Two vinifications, two philosophies
Cultivate :
a wonderful word.
A gesture that is cultivation, when our attention
is turned to plants.
It becomes culture, when it is addressed to us,
as an intellectual exercise. It rises to
worship, when it addresses the spirit.
Wine contains all this in itself,
materializing cultivation and culture and,
sometimes, becoming itself
an element of worship.
It is material substance, endowed with weight. To such an extent that, in English, the noun "cement" indicates concrete. It is perhaps no coincidence that Cimento was born and raised in wine vessels made of concrete. Of the stone, in which he lived, it evokes many scents that characterize the olfactory spectrum: the minerality of the dry stone and the iodized aroma of the wet rock.

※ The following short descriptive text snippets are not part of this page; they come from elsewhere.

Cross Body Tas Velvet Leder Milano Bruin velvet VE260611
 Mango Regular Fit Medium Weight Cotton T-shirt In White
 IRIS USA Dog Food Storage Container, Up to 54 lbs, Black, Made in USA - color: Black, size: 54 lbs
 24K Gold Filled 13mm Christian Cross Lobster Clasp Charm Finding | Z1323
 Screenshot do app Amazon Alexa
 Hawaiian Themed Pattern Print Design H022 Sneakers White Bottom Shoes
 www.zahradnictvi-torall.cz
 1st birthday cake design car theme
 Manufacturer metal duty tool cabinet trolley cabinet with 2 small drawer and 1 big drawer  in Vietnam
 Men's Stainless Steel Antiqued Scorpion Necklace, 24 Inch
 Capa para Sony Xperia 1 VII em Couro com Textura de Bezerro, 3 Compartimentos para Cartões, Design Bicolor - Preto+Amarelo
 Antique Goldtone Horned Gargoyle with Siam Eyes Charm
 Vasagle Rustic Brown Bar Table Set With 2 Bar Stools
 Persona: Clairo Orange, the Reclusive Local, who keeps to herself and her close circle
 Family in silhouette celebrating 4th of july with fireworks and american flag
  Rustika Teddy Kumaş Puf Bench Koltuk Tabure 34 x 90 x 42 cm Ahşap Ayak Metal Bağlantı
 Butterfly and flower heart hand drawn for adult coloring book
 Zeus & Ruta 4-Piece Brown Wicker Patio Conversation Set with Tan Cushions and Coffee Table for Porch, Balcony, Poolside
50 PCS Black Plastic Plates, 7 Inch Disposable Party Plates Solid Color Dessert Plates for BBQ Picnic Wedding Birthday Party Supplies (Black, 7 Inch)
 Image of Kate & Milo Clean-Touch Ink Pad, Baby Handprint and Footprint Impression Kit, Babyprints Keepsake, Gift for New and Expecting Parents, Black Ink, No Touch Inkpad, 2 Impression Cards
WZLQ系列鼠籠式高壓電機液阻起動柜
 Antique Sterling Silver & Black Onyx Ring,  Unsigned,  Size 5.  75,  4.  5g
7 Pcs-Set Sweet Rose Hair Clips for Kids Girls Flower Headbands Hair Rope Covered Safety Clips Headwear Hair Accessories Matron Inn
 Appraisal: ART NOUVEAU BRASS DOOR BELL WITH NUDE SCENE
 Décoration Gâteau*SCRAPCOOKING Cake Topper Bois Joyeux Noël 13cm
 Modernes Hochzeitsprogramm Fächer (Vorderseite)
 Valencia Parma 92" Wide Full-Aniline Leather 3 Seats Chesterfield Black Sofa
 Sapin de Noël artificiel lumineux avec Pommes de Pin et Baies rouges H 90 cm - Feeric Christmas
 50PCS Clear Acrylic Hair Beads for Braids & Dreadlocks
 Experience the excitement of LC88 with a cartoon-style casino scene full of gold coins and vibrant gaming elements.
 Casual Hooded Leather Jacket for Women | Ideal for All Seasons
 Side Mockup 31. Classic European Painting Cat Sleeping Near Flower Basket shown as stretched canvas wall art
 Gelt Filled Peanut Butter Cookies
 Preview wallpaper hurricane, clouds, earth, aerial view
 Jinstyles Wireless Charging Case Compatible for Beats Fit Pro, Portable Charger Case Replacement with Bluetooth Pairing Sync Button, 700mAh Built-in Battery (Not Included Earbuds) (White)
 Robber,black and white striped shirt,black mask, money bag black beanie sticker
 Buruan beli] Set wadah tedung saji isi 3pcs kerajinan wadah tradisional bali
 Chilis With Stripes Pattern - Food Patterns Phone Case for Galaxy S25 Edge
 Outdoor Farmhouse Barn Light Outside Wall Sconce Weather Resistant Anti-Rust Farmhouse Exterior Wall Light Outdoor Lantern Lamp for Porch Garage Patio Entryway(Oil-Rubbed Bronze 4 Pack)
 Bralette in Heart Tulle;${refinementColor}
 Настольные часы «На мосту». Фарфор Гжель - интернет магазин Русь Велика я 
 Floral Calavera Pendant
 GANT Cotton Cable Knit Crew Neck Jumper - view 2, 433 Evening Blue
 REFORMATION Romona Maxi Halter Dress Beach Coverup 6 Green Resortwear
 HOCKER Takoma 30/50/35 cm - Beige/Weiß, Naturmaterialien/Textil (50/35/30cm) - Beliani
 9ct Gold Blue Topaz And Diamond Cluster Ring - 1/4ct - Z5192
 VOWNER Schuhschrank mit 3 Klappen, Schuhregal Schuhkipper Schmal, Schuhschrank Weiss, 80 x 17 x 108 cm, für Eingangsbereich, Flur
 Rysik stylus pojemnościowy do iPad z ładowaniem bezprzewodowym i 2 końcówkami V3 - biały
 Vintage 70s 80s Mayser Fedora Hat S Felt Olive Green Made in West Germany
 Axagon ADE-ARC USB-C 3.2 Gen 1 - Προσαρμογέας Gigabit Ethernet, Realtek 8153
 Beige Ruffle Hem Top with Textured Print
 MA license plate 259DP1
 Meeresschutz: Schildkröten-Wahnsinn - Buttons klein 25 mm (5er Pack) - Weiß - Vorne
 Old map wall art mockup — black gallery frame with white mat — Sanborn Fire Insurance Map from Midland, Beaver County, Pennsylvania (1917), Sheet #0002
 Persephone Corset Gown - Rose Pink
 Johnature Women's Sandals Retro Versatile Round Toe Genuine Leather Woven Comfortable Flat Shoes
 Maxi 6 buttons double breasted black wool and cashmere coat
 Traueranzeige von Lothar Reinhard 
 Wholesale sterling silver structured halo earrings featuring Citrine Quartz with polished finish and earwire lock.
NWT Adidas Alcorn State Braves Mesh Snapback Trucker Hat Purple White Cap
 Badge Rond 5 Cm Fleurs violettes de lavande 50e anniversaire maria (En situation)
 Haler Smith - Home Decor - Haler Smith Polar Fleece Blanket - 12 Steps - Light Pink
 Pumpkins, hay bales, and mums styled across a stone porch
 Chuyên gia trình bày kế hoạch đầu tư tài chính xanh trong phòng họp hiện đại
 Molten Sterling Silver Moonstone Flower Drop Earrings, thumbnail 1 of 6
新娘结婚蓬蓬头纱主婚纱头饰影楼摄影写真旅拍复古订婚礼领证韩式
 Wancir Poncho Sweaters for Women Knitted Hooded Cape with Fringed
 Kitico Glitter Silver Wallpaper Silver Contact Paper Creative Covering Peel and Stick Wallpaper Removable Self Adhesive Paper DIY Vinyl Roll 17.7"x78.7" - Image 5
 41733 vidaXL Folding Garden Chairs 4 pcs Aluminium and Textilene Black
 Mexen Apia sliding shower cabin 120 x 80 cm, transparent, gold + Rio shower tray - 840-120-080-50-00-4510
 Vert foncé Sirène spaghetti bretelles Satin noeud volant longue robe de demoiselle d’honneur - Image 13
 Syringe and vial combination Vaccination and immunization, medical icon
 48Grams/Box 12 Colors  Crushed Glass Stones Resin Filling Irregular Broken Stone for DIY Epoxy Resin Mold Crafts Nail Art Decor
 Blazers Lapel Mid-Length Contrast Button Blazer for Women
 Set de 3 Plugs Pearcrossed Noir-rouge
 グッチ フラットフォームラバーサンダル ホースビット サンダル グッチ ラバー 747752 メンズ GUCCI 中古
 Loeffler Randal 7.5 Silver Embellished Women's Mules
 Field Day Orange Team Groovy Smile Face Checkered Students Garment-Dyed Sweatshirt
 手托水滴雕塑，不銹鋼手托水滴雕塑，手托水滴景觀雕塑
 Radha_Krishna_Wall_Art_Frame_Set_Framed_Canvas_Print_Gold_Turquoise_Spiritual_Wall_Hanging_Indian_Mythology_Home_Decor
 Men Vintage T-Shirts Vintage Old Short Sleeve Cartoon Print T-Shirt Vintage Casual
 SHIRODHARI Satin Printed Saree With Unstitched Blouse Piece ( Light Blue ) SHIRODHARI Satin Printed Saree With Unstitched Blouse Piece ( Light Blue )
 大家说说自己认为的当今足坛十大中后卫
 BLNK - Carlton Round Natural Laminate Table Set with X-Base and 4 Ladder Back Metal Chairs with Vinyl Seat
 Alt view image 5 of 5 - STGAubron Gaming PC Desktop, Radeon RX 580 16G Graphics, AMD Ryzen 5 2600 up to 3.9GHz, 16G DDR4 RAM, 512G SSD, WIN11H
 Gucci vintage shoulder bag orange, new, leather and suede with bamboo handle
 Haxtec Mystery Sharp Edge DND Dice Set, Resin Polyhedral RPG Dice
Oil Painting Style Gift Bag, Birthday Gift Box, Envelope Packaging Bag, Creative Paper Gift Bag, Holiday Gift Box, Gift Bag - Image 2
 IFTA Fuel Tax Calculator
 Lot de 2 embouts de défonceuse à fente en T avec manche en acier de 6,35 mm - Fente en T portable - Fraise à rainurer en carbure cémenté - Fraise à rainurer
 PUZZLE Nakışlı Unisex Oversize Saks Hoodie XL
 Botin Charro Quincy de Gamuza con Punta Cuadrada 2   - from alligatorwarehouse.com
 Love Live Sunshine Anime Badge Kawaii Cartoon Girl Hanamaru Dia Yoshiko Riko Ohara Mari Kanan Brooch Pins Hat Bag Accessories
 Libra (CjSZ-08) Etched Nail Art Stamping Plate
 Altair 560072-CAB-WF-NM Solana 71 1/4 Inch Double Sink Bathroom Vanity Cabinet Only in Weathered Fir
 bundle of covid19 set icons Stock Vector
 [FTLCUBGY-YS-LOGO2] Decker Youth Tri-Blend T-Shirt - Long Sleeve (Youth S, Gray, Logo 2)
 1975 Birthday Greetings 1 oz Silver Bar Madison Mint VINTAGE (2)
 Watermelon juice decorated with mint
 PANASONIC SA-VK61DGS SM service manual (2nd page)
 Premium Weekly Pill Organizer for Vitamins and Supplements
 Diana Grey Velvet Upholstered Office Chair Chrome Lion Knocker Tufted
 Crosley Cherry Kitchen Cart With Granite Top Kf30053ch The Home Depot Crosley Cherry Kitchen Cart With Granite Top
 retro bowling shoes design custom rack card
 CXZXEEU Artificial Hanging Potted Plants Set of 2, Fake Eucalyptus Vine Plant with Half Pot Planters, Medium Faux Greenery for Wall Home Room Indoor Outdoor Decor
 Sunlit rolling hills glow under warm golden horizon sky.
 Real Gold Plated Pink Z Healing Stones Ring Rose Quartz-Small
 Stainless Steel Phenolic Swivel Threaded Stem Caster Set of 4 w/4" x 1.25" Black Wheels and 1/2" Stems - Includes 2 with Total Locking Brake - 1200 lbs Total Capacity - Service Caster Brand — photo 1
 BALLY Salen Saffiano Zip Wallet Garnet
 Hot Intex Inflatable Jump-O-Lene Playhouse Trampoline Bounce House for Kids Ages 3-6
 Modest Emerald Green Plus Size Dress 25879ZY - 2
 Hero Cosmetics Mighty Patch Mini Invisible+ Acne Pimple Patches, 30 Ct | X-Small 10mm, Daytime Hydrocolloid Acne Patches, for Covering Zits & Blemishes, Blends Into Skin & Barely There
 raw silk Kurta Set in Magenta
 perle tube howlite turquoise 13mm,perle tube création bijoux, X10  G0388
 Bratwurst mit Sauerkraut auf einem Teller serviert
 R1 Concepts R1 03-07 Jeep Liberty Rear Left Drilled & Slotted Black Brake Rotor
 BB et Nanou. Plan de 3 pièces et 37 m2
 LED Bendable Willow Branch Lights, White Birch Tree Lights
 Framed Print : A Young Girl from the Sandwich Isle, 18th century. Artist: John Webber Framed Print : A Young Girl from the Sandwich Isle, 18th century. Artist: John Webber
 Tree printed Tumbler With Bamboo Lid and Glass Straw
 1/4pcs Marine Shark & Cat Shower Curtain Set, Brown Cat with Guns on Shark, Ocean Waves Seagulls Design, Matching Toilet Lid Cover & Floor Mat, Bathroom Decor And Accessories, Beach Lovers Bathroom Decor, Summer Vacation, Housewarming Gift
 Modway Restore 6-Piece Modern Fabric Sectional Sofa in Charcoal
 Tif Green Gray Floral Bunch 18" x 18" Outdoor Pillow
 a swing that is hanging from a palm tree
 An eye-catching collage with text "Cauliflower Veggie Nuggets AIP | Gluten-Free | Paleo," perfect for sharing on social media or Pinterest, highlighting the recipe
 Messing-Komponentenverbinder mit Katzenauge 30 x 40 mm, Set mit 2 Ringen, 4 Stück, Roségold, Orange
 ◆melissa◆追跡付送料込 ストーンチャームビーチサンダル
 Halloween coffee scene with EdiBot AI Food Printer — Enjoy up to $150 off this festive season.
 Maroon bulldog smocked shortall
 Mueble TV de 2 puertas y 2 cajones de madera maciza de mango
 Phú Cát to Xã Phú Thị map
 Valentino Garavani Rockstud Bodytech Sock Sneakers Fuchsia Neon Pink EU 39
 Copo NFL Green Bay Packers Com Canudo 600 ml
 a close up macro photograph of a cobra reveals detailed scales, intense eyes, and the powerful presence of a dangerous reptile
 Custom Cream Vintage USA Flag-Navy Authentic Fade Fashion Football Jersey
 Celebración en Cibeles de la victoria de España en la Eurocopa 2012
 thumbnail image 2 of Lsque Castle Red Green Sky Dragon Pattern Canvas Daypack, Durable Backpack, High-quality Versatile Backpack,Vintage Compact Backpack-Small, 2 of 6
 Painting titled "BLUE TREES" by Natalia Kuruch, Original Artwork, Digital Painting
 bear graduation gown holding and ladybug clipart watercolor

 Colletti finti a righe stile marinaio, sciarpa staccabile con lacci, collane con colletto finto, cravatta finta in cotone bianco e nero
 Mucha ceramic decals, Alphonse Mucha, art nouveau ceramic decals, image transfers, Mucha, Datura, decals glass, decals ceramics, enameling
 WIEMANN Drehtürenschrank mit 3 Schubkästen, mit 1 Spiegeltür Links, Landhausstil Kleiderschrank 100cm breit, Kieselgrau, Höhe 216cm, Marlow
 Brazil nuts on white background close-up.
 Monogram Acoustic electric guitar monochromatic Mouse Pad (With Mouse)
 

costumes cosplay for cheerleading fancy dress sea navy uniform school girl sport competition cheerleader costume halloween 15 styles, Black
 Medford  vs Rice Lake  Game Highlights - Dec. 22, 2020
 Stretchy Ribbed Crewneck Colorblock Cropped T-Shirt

From the inanimate world of minerals, the aromas of Cimento come close to those of the plant kingdom, evoking the smoky notes of peat up to the point of recalling the scents of dried tea leaves and the fragrance of chamomile flowers.
Do not be afraid of Cimento's taste-olfactory opulence: it is powerful, certainly, but it can be just as gentle. Better still, it is courteous, by lineage, like the grape that generated it: Cortese.
On Thursday, October 1st 2020, we buried Timorasso for the first time. A Georgian amphora, with a capacity of 1700 liters, was filled with its must and its peels. For 7 months, it was confined to Caucasian land, separated from it by a thin, diffuse layer of beeswax. A heavy stone disc, placed on the neck of the amphora, was the only barrier between the inside and the outside.
Two times daily we did a “punching down”, for the first 10 days of tumultuous fermentation and, subsequently, the vertical confinement of the peels, for the continuation of maceration, in conditions of submerged cap.
After 7 months, the wine was separated from the peels, by draining, and decanted into old 500-liter wooden casks where it remained, before bottling, until the first days of September 2021. In this way, the first Timorasso was born obtained by a very long "infusion" of the peels in wine; a unique wine. The most fascinating aspect of Losco is its peculiar relationship with time.
“Fugit irreparabile tempus” (from Latin “time runs out beyond repair”), Virgilio described in this way the inexorable flow of time. Many men wish to delay its flow. Few try to anticipate its development. We are among the latter. Losco embodies the desire to make the future present, to drink, in advance, what it will be: a temporal wine-gate that allows you to enjoy an unimaginable sensorial balance, for a wine of this age and with a singular history behind it.